The Rise of the Digital Citizen Stakeholder : Re-balancing Multistakeholder Governance

The Rise of the Digital Citizen-Stakeholder: Re-balancing Multistakeholder Governance is the paper written by Andrew Power.

“Many argue that multistakeholder structures are the only way to ensure that the internet – both technically  and socially — continues to evolve successfully. Do you agree with this assertion and how do you think the future will look like in the context of multistakeholder internet governance?” 


The principle feature in the evolution of the internet has been its ever growing reach to include old and young, rich and poor. The internet’s ever encroaching presence has transported it from our desktop to our pocket and into our glasses. This is illustrated in the Internet Society Questionnaire on Multistakeholder Governance, which found the main factors affecting change in the Internet governance landscape were more users online from more countries and the influence of the internet over daily life. The omnipresence of the internet is self- perpetuating; its usefulness grows with every new user and every new piece of data uploaded. The advent of social media and the creation of a virtual presence for each of us, even when we are not physically present or ‘logged on’, means we are fast approaching the point where we are all connected, to everyone else, all the time. We have moved far beyond the point where governments can claim to represent our views which evolve constantly rather than being measured in electoral cycles.

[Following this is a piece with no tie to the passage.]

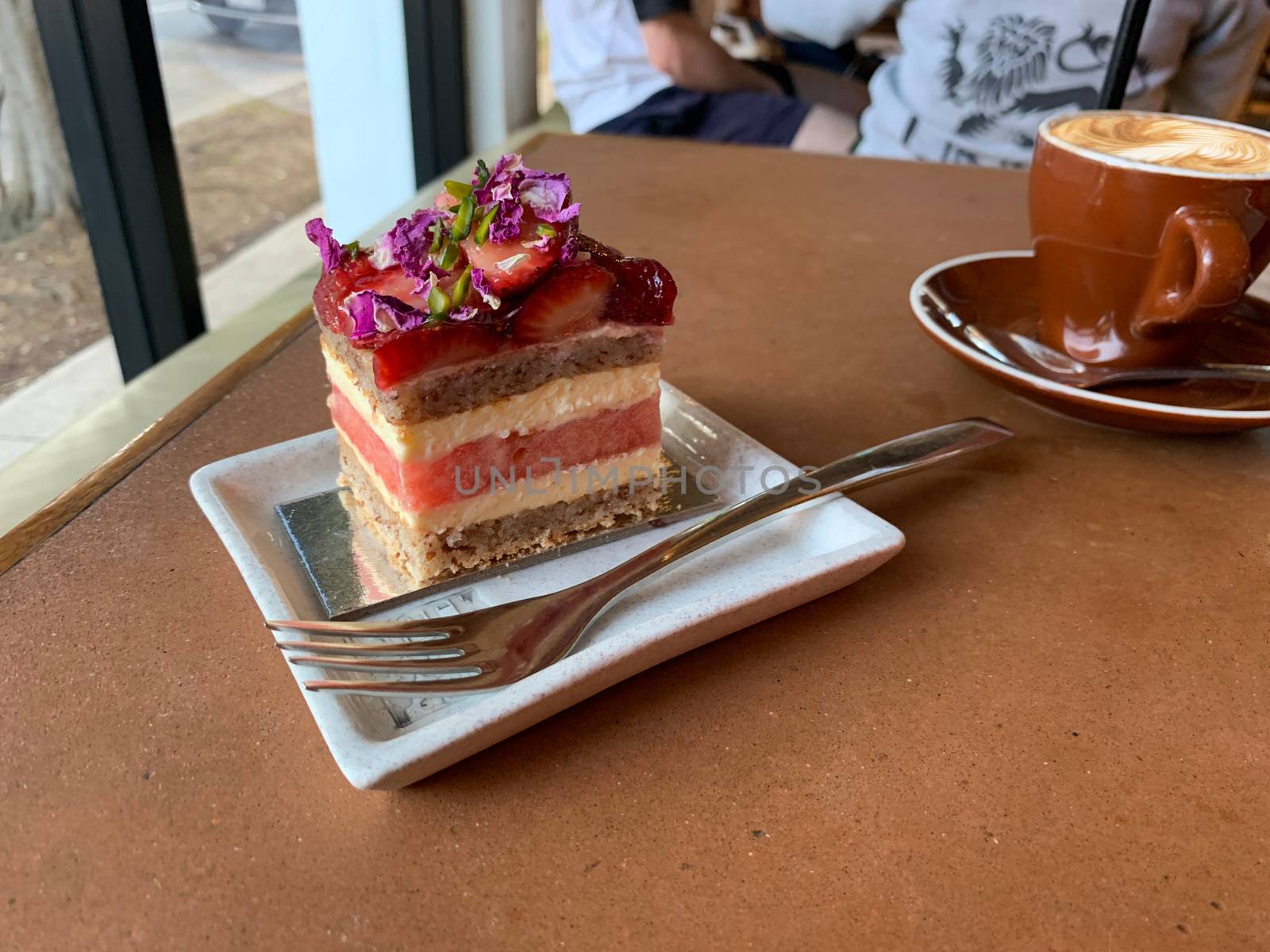 Straberry and watermelon layer cake with a cappuccino in a cafe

The shift, which has seen citizens as creators of content rather than consumers of it, has undermined the centralist view of democracy and created an environment of wiki democracy or crowd sourced democracy. This is at the heart of what is generally known as Web 2.0, and widely considered to be a positive, democratising force.  However, we argue, there are worrying elements here too.  Government does not always deliver on the promise of the networked society as it involves citizens and others in the process of government. Also a number of key internet companies have emerged as powerful intermediaries harnessing the efforts of the many, and re- using and re-selling the products and data of content providers in the Web 2.0 environment. A discourse about openness and transparency has been offered as a democratising rationale but much of this masks an uneven relationship where the value of online activity flows not to the creators of content but to those who own the channels of communication and the metadata that they produce.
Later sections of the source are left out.